> EXERCISE DETAILS: Only the lines from the one holding "Victor Osimhen'den G�nay" to the end of the data should be echoed, exactly as they appear, minus the pictures.

> DATA FOR THE TASK:
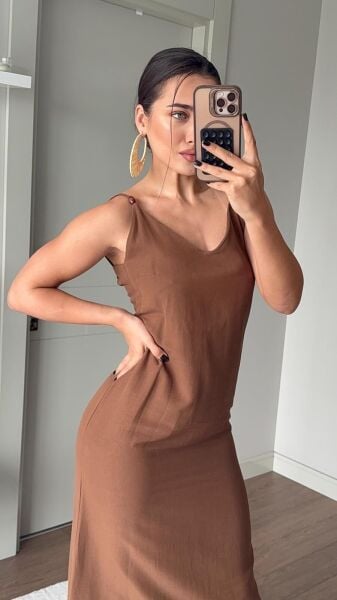 Boncuk Detaylı Uzun Elbise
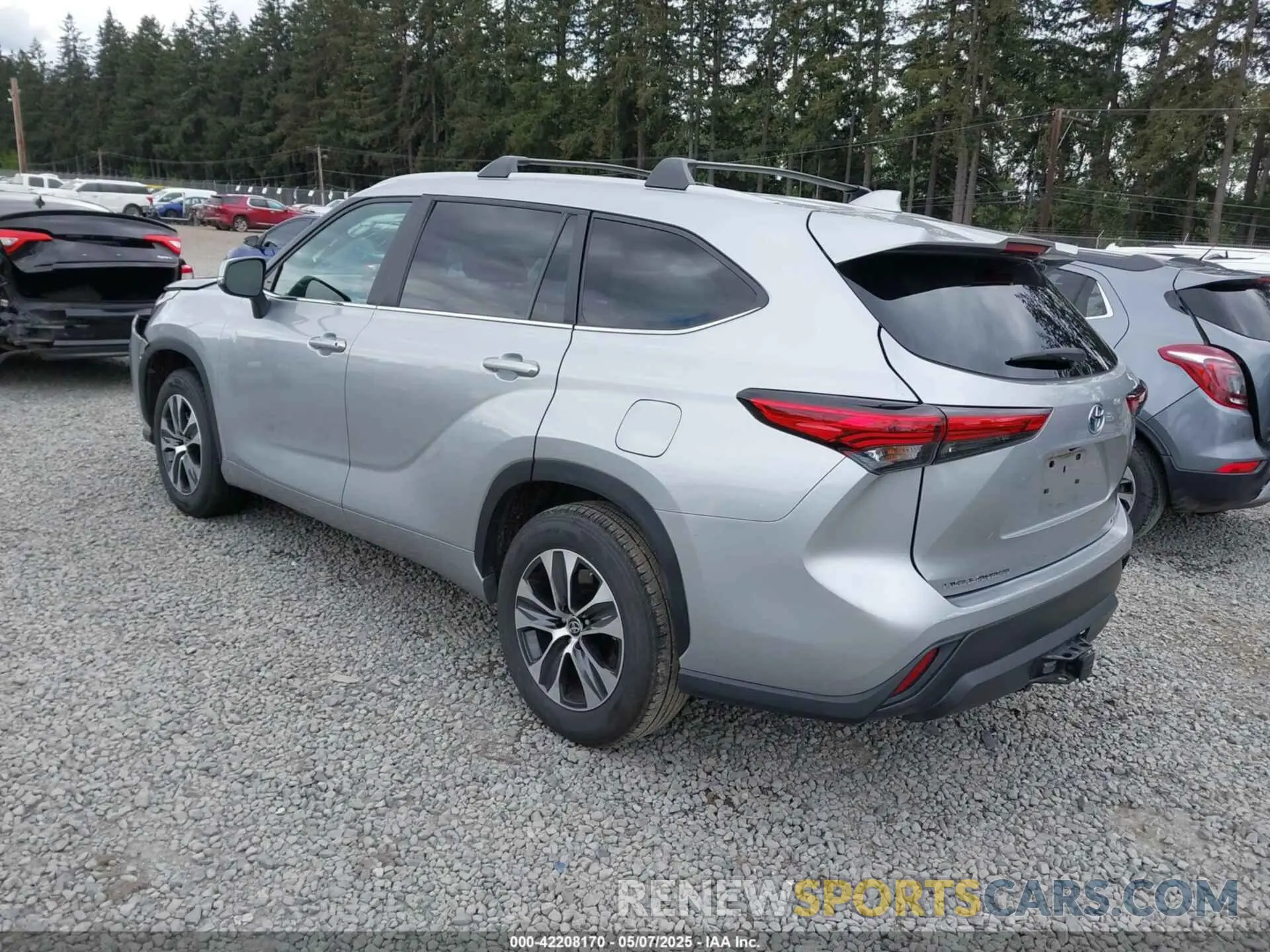 3 fotografías del automóvil dañado 5TDKARAH5PS519843 TOYOTA HIGHLANDER 2023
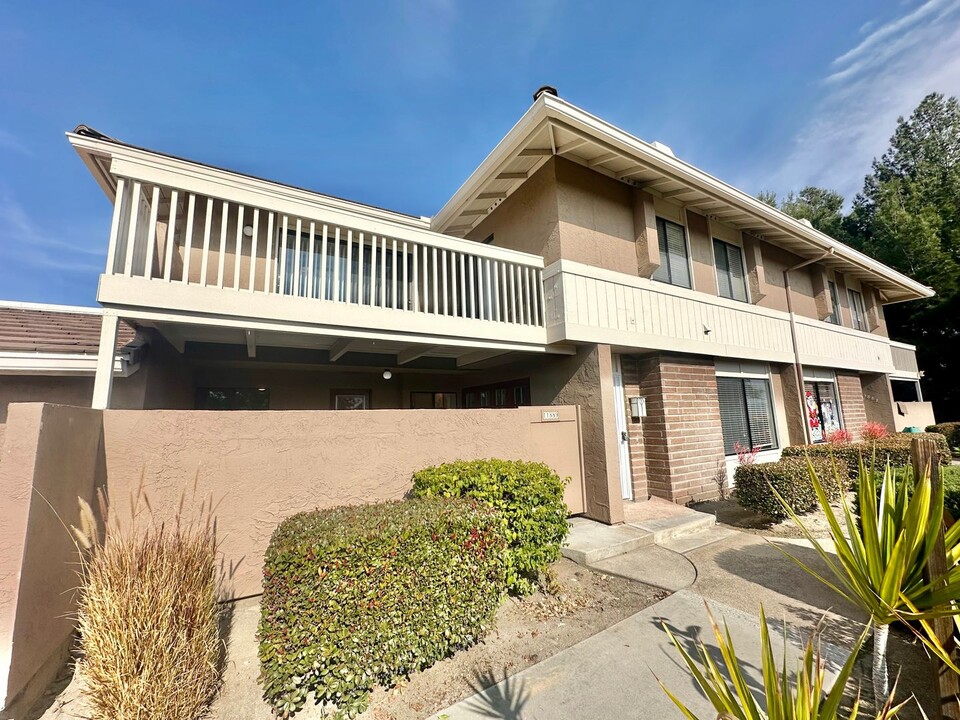 11889 Timaru Way in San Diego, CA - Building Photo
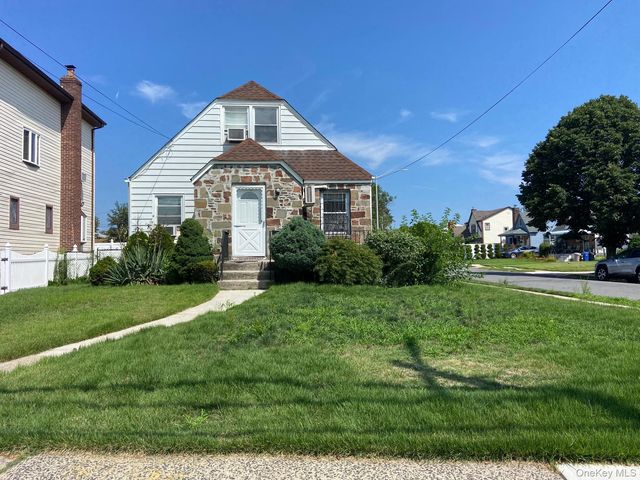 25119 86th Avenue, Bellerose, NY 11426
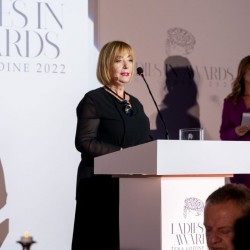 Na svečanoj dodjeli "Ladies In Awards 2022" Jasmini Mujezinović dodijeljeno priznanje "Veliko srce"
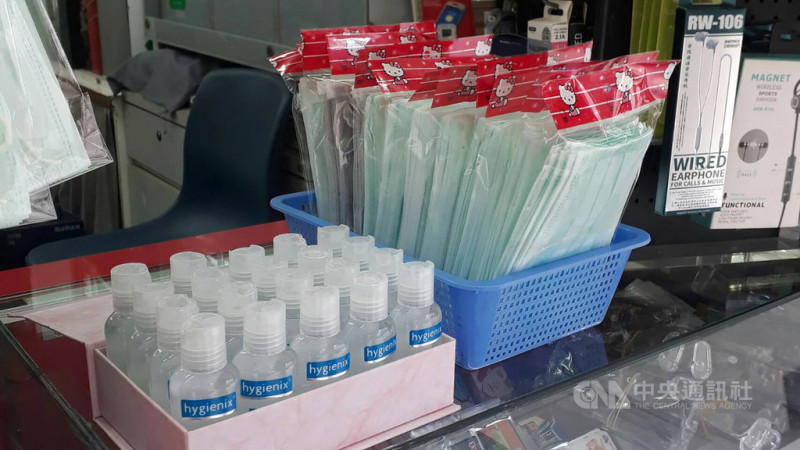 2019年冠狀病毒疾病（COVID-19，武漢肺炎）疫情加劇，新加坡部分商家仍有販售口罩。   圖/中央社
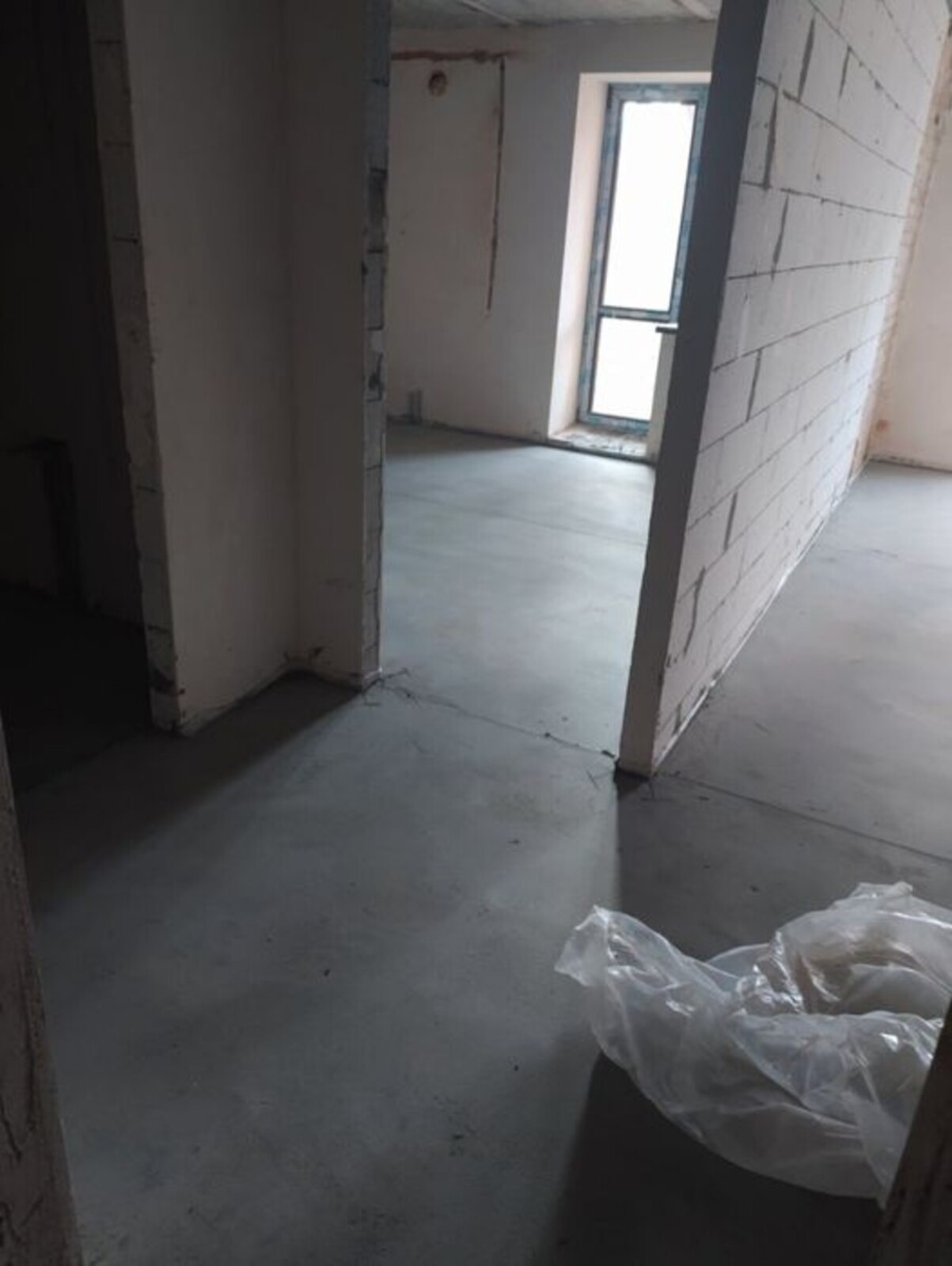Продаж квартири в Центральній частині міста код № 213-136-940 фото 1 Продаж квартири в Центральній частині міста код № 213-136-940 фото 1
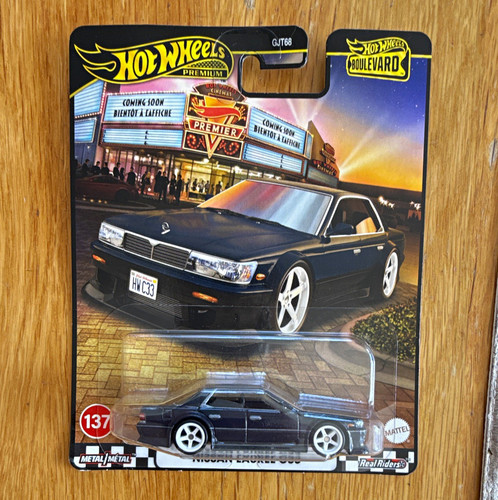 Hot wheels boulevard - hot, nissan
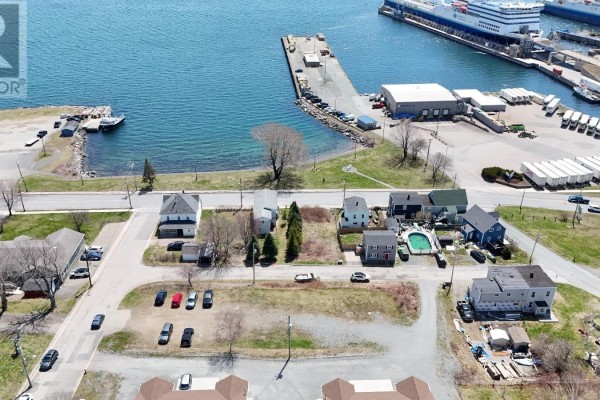 398 Purves St. B2a 1c6, North Sydney, NS B2A1C6 Photo 2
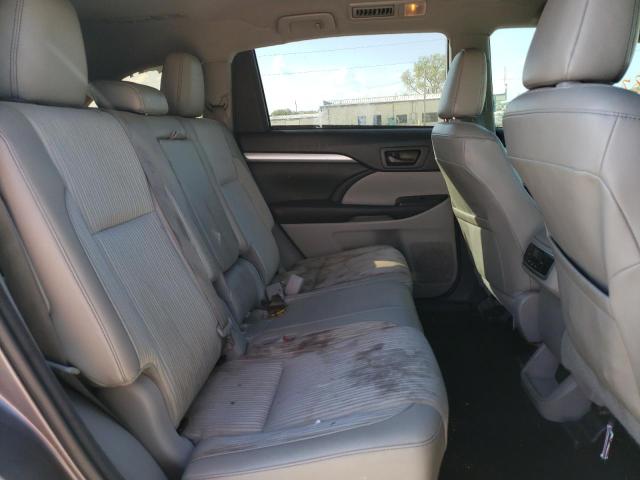 Photo 6 from auction – 2018 TOYOTA HIGHLANDER with VIN 5TDZZRFHXJS236863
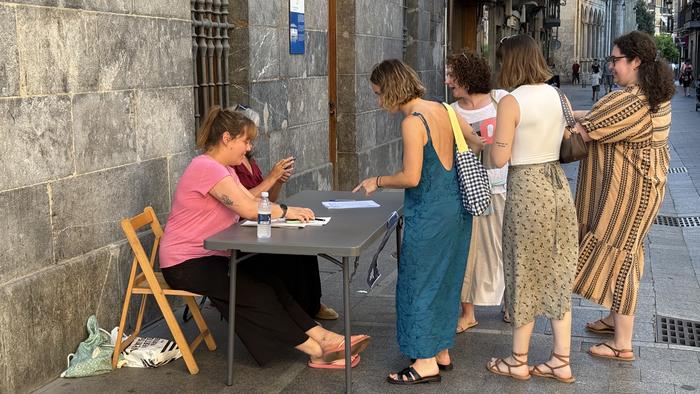 Martxan dute Donostia Ospitalera zuzeneko autobus zerbitzua eskatzeko sinadura bilketa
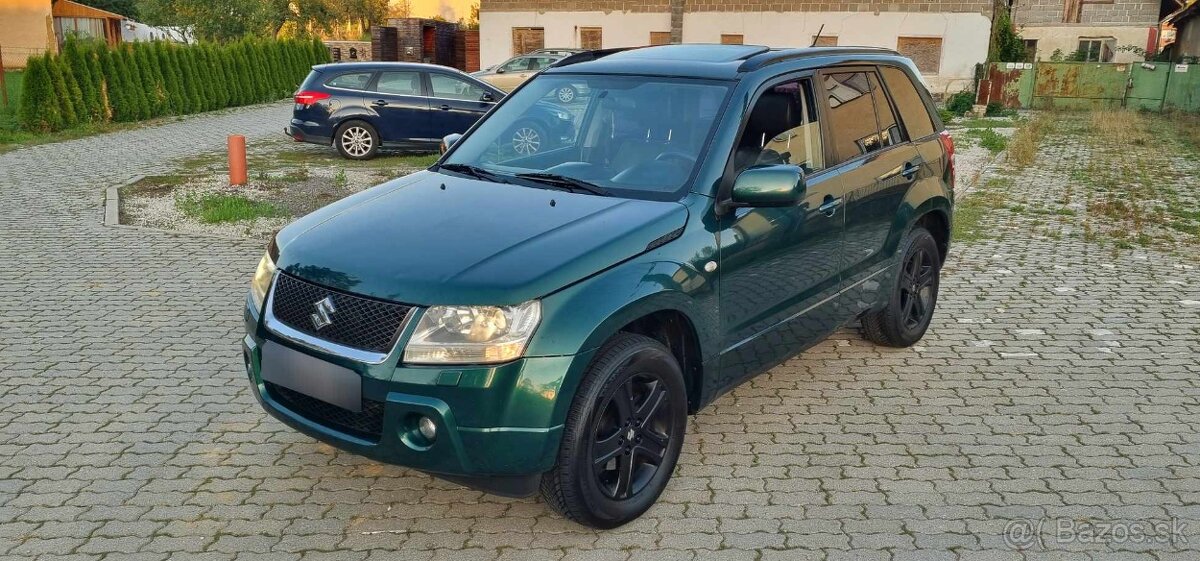 Suzuki Grand Vitara 1.9DDiS 95Kw R.v.:4/2009 M5 4x4 SUV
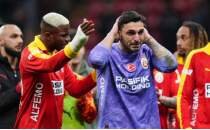 Victor Osimhen'den G�nay G�ven� i�in payla��m!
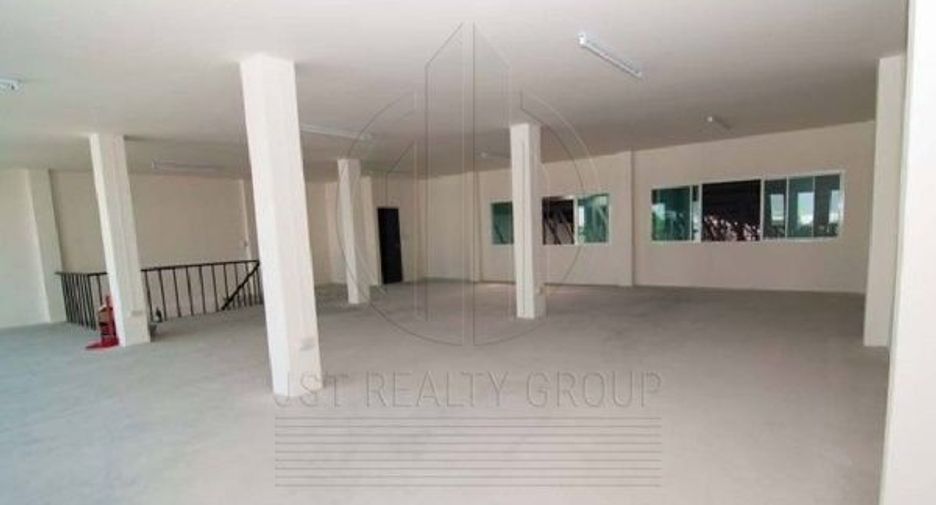 Casa adosada en alquiler de estudio en Bang Sao Thong, Samut Prakan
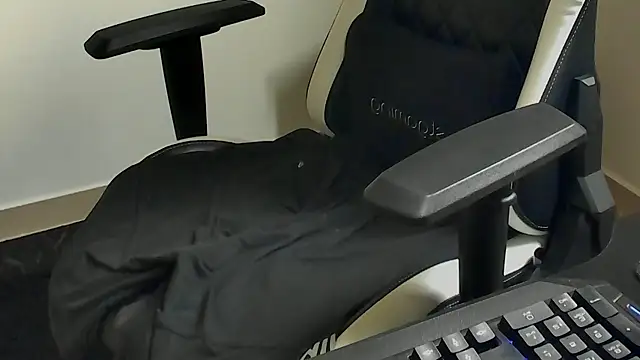 Snapshot of stebankechima chatting on November 2025 08:42:02 PM stebankechima online show from November 2025 08:42:02 PM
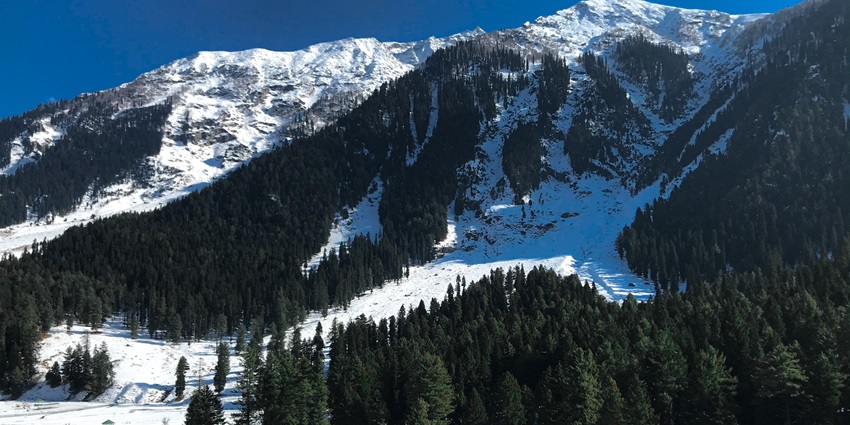 A breathtaking glimpse of mountains covered with pristine snow in Betaab Valley in winter.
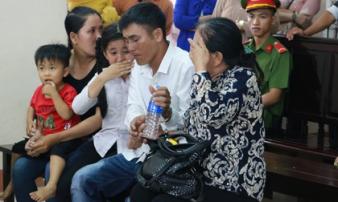 Huynh đệ tương tàn vì mâu thuẫn khiến mẹ già khóc cạn nước mắt nơi công đường Huynh đệ tương tàn vì mâu thuẫn khiến mẹ già khóc cạn nước mắt nơi công đường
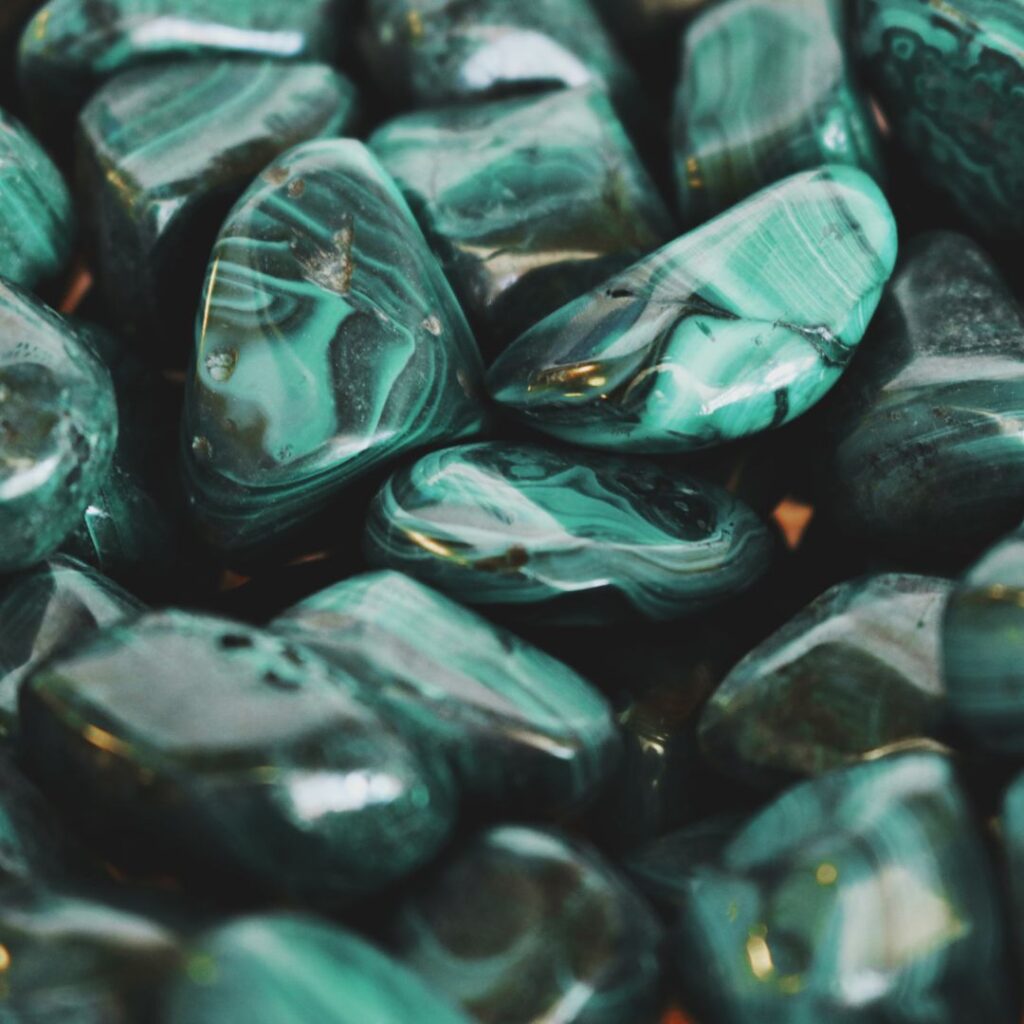 piedra negra de lava y malaquita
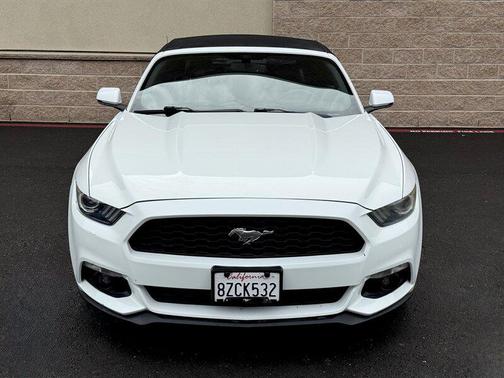 2015 Ford Mustang EcoBoost Premium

> FINISHED EXERCISE:
 Victor Osimhen'den G�nay G�ven� i�in payla��m!
 Casa adosada en alquiler de estudio en Bang Sao Thong, Samut Prakan
 Snapshot of stebankechima chatting on November 2025 08:42:02 PM stebankechima online show from November 2025 08:42:02 PM
 A breathtaking glimpse of mountains covered with pristine snow in Betaab Valley in winter.
 Huynh đệ tương tàn vì mâu thuẫn khiến mẹ già khóc cạn nước mắt nơi công đường Huynh đệ tương tàn vì mâu thuẫn khiến mẹ già khóc cạn nước mắt nơi công đường
 piedra negra de lava y malaquita
 2015 Ford Mustang EcoBoost Premium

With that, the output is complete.